FDA Approves First Pill for Postpartum Depression

The US Food and Drug Administration (FDA) has approved the first oral agent specifically for postpartum depression, a condition that affects an estimated one in seven mothers in the United States.

The pill, zuranolone (Zurzuvae), is a neuroactive steroid that acts on GABAA receptors in the brain responsible for regulating mood, arousal, behavior, and cognition, according to Biogen, which, along with Sage Therapeutics, developed the product. The recommended dose for Zurzuvae is 50 mg taken once daily for 14 days, in the evening with a fatty meal, according to the FDA.

Postpartum depression often goes undiagnosed and untreated. Many mothers are hesitant to reveal their symptoms to family and clinicians, fearing they’ll be judged on their parenting. A 2017 study found that suicide accounted for roughly 5% of perinatal deaths among women in Canada, with most of those deaths occurring in the first 3 months in the year after giving birth.

“Postpartum depression is a serious and potentially life-threatening condition in which women experience sadness, guilt, worthlessness — even, in severe cases, thoughts of harming themselves or their child.
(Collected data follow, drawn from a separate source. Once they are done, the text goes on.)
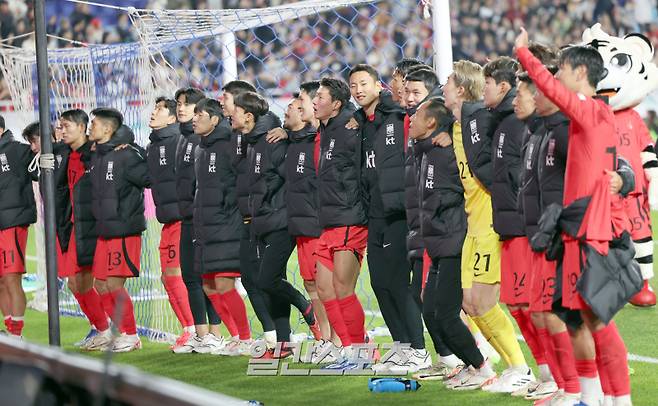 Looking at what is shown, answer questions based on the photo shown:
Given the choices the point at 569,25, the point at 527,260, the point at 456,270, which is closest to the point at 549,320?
the point at 527,260

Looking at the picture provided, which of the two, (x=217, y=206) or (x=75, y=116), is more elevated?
(x=75, y=116)

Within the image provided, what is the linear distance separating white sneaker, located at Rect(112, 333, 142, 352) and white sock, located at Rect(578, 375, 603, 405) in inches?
161

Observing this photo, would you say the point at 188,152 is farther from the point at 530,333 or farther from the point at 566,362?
the point at 566,362

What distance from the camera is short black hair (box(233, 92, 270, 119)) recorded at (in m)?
7.75

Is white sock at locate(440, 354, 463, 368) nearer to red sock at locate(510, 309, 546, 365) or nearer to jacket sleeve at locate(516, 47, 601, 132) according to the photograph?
red sock at locate(510, 309, 546, 365)

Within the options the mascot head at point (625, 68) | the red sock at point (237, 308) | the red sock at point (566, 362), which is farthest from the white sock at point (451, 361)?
the mascot head at point (625, 68)

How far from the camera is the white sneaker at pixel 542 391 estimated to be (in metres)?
5.91

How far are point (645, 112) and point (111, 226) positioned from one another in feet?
43.5

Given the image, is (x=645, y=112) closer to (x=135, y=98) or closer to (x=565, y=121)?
(x=135, y=98)

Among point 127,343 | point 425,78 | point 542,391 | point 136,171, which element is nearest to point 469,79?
point 425,78

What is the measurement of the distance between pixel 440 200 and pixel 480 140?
42cm

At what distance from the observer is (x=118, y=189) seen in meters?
8.54

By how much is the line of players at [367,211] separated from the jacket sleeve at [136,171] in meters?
0.01

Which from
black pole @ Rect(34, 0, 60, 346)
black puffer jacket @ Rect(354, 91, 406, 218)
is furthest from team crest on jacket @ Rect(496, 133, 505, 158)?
black pole @ Rect(34, 0, 60, 346) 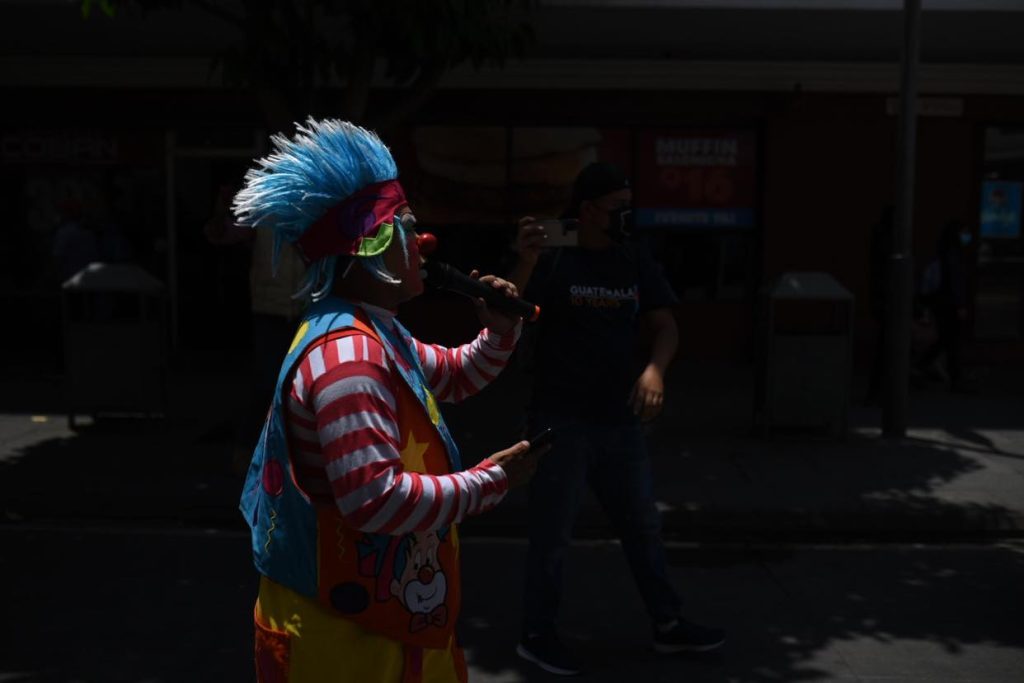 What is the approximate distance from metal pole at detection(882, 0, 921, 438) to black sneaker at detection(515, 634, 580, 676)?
4.95 metres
And, because postpartum depression can disrupt the maternal-infant bond, it can also have consequences for the child’s physical and emotional development,” Tiffany R. Farchione, MD, director of the Division of Psychiatry at the FDA’s Center for Drug Evaluation and Research, said in a statement about the approval. “Having access to an oral medication will be a beneficial option for many of these women coping with extreme, and sometimes life-threatening, feelings.”
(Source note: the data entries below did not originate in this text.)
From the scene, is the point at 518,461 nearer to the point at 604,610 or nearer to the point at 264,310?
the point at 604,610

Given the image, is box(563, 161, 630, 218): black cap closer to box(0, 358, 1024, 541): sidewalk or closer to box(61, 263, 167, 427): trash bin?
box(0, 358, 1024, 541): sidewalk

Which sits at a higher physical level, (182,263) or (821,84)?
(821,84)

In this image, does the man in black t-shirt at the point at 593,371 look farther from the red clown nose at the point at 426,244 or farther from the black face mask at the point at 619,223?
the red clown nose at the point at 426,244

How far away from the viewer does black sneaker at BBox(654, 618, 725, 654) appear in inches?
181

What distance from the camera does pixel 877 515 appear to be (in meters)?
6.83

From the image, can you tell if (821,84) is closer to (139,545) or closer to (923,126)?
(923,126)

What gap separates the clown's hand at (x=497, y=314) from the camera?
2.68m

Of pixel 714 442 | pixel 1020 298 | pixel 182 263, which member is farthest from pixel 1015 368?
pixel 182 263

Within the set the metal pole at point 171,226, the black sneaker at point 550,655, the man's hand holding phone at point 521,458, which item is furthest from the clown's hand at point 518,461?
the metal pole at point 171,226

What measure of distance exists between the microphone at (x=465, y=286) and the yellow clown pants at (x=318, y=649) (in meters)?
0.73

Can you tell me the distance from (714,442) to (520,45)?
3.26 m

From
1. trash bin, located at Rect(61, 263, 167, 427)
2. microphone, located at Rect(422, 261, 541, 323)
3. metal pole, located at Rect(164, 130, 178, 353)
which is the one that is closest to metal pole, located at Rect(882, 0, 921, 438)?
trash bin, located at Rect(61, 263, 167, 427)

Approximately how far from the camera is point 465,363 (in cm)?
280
The other approved therapy for postpartum depression is the IV agent brexanolone (Zulresso; Sage). But the product requires prolonged infusions in hospital settings and costs $34,000.
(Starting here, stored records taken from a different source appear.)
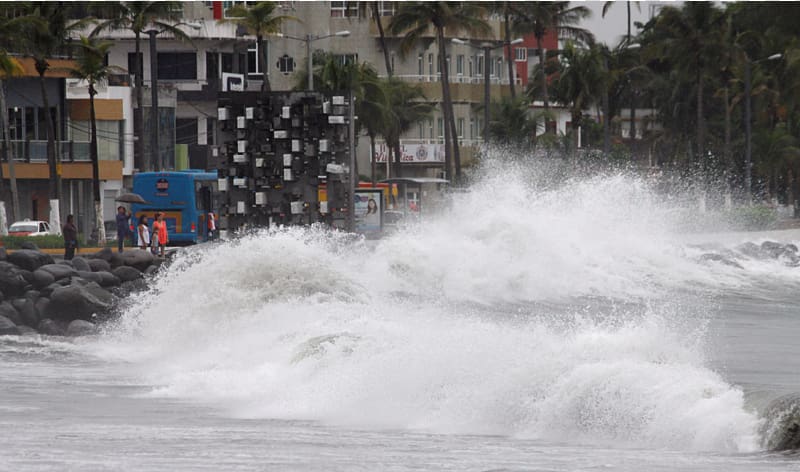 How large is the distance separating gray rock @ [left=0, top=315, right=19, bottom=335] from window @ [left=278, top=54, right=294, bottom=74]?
199 ft

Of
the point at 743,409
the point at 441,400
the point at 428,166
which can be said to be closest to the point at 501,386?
the point at 441,400

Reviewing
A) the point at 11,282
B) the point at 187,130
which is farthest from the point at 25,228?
the point at 11,282

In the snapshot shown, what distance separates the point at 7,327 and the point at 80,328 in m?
1.21

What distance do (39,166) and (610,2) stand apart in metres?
51.3

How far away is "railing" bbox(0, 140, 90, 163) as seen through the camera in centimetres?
5819

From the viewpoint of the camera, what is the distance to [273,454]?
35.9 ft

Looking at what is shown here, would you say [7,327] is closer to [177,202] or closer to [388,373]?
[388,373]

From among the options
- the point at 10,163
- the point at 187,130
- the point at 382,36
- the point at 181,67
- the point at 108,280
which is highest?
the point at 382,36

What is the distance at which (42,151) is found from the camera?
58.6 m

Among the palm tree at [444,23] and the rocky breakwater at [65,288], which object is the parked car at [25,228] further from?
the palm tree at [444,23]

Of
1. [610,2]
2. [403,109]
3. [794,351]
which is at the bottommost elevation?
[794,351]

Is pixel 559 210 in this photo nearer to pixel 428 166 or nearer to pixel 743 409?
pixel 743 409

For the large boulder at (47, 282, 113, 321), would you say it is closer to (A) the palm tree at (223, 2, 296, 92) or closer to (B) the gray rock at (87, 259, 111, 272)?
(B) the gray rock at (87, 259, 111, 272)

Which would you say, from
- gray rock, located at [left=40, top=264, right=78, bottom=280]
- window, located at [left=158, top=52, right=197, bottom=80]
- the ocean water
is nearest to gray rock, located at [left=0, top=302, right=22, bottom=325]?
the ocean water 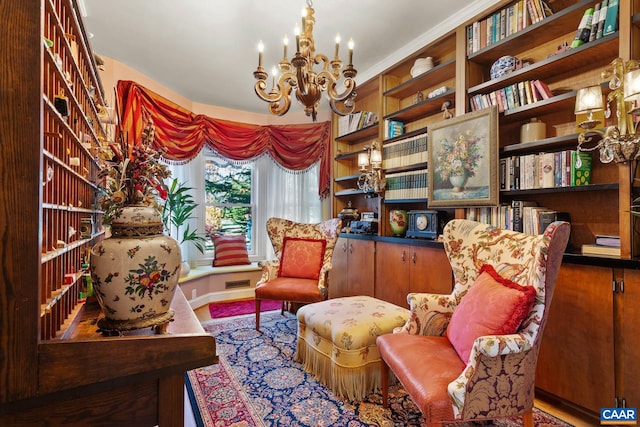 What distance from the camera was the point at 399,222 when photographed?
2.88m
FDA approval of Zurzuvae was based in part on data reported in a 2023 study in the American Journal of Psychiatry, which showed that the drug led to significantly greater improvement in depressive symptoms at 15 days compared with the placebo group. Improvements were observed on day 3, the earliest assessment, and were sustained at all subsequent visits during the treatment and follow-up period (through day 42).

Patients with anxiety who received the active drug experienced improvement in related symptoms compared with the patients who received a placebo.

The most common adverse events reported in the trial were somnolence and headaches. Weight gain, sexual dysfunction, withdrawal symptoms, and increased suicidal ideation or behavior were not observed.

The packaging for Zurzuvae will include a boxed warning noting that the drug can affect a user’s ability to drive and perform other potentially hazardous activities, possibly without their knowledge of the impairment, the FDA said. As a result, the agency said that people who use Zurzuvae should not drive or operate heavy machinery for at least 12 hours after taking the pill.